** Exercise **
Nothing may differ between your reply and the listing that follows.

** Excerpted data **
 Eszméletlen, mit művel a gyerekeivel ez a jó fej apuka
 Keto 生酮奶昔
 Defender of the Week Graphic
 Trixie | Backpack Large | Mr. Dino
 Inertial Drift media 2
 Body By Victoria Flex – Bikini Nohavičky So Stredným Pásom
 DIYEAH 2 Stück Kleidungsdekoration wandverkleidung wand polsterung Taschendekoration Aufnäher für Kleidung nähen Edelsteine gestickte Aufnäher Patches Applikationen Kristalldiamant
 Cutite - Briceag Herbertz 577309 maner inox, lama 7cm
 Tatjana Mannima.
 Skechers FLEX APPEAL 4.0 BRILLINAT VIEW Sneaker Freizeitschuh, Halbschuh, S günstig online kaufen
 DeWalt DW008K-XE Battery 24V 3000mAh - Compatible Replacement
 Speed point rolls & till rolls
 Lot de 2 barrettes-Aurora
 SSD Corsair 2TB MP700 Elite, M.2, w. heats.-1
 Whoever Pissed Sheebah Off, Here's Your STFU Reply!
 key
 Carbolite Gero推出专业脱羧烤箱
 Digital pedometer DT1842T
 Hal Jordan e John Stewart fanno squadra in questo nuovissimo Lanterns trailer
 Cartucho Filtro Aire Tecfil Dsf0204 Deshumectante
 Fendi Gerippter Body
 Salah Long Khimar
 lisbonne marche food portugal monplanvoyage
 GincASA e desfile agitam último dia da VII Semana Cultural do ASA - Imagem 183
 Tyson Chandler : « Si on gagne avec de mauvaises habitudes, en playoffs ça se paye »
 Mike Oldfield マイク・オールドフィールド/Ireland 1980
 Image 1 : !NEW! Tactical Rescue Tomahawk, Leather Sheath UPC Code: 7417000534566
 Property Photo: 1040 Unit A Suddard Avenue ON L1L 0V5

** Your solution **
 Eszméletlen, mit művel a gyerekeivel ez a jó fej apuka
 Keto 生酮奶昔
 Defender of the Week Graphic
 Trixie | Backpack Large | Mr. Dino
 Inertial Drift media 2
 Body By Victoria Flex – Bikini Nohavičky So Stredným Pásom
 DIYEAH 2 Stück Kleidungsdekoration wandverkleidung wand polsterung Taschendekoration Aufnäher für Kleidung nähen Edelsteine gestickte Aufnäher Patches Applikationen Kristalldiamant
 Cutite - Briceag Herbertz 577309 maner inox, lama 7cm
 Tatjana Mannima.
 Skechers FLEX APPEAL 4.0 BRILLINAT VIEW Sneaker Freizeitschuh, Halbschuh, S günstig online kaufen
 DeWalt DW008K-XE Battery 24V 3000mAh - Compatible Replacement
 Speed point rolls & till rolls
 Lot de 2 barrettes-Aurora
 SSD Corsair 2TB MP700 Elite, M.2, w. heats.-1
 Whoever Pissed Sheebah Off, Here's Your STFU Reply!
 key
 Carbolite Gero推出专业脱羧烤箱
 Digital pedometer DT1842T
 Hal Jordan e John Stewart fanno squadra in questo nuovissimo Lanterns trailer
 Cartucho Filtro Aire Tecfil Dsf0204 Deshumectante
 Fendi Gerippter Body
 Salah Long Khimar
 lisbonne marche food portugal monplanvoyage
 GincASA e desfile agitam último dia da VII Semana Cultural do ASA - Imagem 183
 Tyson Chandler : « Si on gagne avec de mauvaises habitudes, en playoffs ça se paye »
 Mike Oldfield マイク・オールドフィールド/Ireland 1980
 Image 1 : !NEW! Tactical Rescue Tomahawk, Leather Sheath UPC Code: 7417000534566
 Property Photo: 1040 Unit A Suddard Avenue ON L1L 0V5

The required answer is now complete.